Les pêcheurs surestiment la taille de leur prise, les investisseurs font de même avec les gains qu’ils réalisent en Bourse. Il n’est donc pas étonnant que nous surestimions toujours la croissance économique.

Au cours de la décennie écoulée, la croissance annuelle moyenne réelle de l’ économie (PIB) s’élevait à 1,4 % en Belgique. C’est très loin des chiffres de croissance décennale atteint dans les années 1960, 1970 ou 1980 du siècle passé. Il est généralement admis que sur le long terme, notre croissance aura un rythme de 2 %. Or même ce taux de croissance n’a plus été atteint dans notre pays depuis 10 ans !

Croissance dopée

Et ce 1,4 % est encore une surestimation de la prestation réelle. La population belge s’est fortement accrue au cours de la décennie écoulée et l’accroissement démographique stimule normalement fortement la croissance. Selon les calculs du FMI, la croissance annuelle par tête d’habitant a été inférieure à 1 % au cours de la même période.

Et il y a encore eu un autre facteur dopant. Sans une forte augmentation des dépenses publiques, nous ne serions jamais arrivés aussi loin.

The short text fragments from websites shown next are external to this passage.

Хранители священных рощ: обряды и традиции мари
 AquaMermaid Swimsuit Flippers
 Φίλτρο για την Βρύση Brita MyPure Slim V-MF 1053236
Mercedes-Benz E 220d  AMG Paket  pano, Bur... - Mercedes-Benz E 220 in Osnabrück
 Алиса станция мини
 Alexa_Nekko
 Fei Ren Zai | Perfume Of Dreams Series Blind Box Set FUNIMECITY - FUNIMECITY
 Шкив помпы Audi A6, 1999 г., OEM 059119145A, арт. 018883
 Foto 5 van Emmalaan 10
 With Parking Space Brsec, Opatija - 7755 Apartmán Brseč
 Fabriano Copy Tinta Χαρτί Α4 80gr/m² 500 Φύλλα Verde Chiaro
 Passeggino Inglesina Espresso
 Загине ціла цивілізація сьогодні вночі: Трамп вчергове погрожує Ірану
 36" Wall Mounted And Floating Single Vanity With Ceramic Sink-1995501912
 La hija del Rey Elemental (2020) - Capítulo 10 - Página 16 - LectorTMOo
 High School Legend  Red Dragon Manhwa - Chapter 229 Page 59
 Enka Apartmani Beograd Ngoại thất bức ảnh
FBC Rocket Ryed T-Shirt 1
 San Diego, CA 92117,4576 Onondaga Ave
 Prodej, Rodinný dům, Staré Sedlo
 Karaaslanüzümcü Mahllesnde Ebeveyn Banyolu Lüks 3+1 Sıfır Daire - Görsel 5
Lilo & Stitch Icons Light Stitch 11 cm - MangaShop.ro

Durant la période 2000-2010, les gouvernements belges successifs ont mené une politique keynésienne qui s’est traduite en une croissance de près de 2 % de la consommation de l’Etat. Nous avons donc en grande partie créé notre propre croissance, en engloutissant entièrement en 10 ans notre coquet excédent primaire (l’excédent pour charges d’intérêts de plus de 6 % du PIB que nous avions en 2000) et en le transformant même en un déficit de 1,4 % du PIB. En d’autres termes : sans la croissance démographique et sans la politique gouvernementale keynésienne, la décennie écoulée aurait été une progression de limace, par comparaison avec les taux de croissance du passé.

Naturellement, la croissance belge n’est pas la seule à avoir été dopée ; dans d’autres pays, l’économie a également été stimulée par des incitants supplémentaires. Aux Etats-Unis, ce n’est pas l’Etat mais le secteur privé qui a dopé la croissance au moyen du crédit. En Europe méridionale, c’est le taux d’intérêt artificiellement bas de la BCE qui a contribué à la formation d’une bulle sur le marché de l’immobilier résidentiel et dans les crédits à la consommation.

Le vieillissement ralentit la croissance

La croissance qu’a connue le monde occidental au cours de la décennie écoulée a donc non seulement été plus lente qu’auparavant mais elle a aussi été artificiellement gonflée. Ce qui donne lieu à deux problèmes.

 D’une part, le sevrage de ce dopage de la croissance sous la forme de dettes publiques ou privées, va réduire la croissance future.

Mais d’autre part, nos planificateurs sont aveugles au caractère artificiellement gonflé des chiffres du passé et adoptent trop facilement ces derniers comme référence pour l’avenir. De ce fait, ils évaluent mal la problématique du vieillissement. Ils tablent pour l’avenir sur une croissance trop élevée, afin de garder les charges payables. A cet égard, il faut encore signaler que le vieillissement ralentit accessoirement la croissance économique.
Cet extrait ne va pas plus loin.